Best Simple Chocolate Cake
 
Prep time
Cook time
Total time
 
Author:
Serves: 12 large slices
Ingredients
  • Chocolate Cake :
  • 3 cups + 2 tbsp All purpose flour
  • 10 Tbsp cocoa powder
  • 1 tsp salt
  • 2.5 tsp baking soda
  • 2.5 tsp baking powder
  • 1.5 cups granulated sugar
  • 6 Tbsp oil
  • 4 Tbsp apple cider vinegar
  • 1 tbsp vanilla extract
  • 1 cup water
  • 1 cup hot water
  • 1 tsp coffee powder
  • 1 medium sized avocado mashed or pureed
  • Chocolate Buttercream :
  • ½ cup cocoa powder
  • 6-7 tbsp softened room temperature unsalted butter
  • 1 tsp vanilla extract
  • 1 + ⅔ cups powdered sugar
  • Pinch of salt
  • 2-3 tbsp milk
Instructions
  1. Chocolate Cake:
  2. Pre heat oven to 350F.
  3. Mix coffee in 1 cup hot water and keep aside.
  4. Take a large bowl. Add flour, cocoa, salt, baking soda, baking powder, sugar and stir around. Now add oil, vinegar, vanilla, coffee water, water, coffee powder and mashed or pureed avocado and mix until the batter is smooth and evenly mixed.
  5. Grease a 9" round cake pan generously with butter. Pour the batter inside the cake pan. Place the cake pan over a baking sheet just so in case of any drippings, you don't end up cleaning the oven!
  6. Now bake it for 30-40 minutes until a toothpick comes out clean. I start checkign my cake at around 32 minutes. Mine was done in 34 minutes but it will depend on the kind of oven you own.
  7. Once fully cooked, take it out of the oven and let the cake cool inside the cake pan for 30 minutes. After 30 minutes, gently flip it onto a plate or cooling rack and let it cool completely.

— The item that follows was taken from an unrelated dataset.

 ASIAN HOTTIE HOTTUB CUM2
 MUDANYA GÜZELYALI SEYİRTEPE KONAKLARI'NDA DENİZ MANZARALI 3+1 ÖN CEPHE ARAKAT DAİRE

  8. Now wrap it tightly in plastic wrap and place in fridge until you are ready to frost!
  9. Chocolate Buttercream :
  10. Add cocoa and softened butter in bowl and using a stand or hand mixer mix until smooth. Now add the remaining ingredients and mix until a smooth luscious chocolate buttercream is formed. Taste and if you want more sweet, add more powdered sugar.
  11. Once ready to frost your cake, take it out of the fridge. Place it on a sturdy base and using a bread knife or cake knife, cut it from the middle so to have two layers of 9" cake. Now place ⅓ of the frosting on first layer and even it out. Place the second layer on top of it and add the remaining frosting on top layer and smooth it out.
Notes
Ami says:
1. I always flip my cake. I keep the bottom of the cake on top since that part is always super flat and looks perfect after frosting.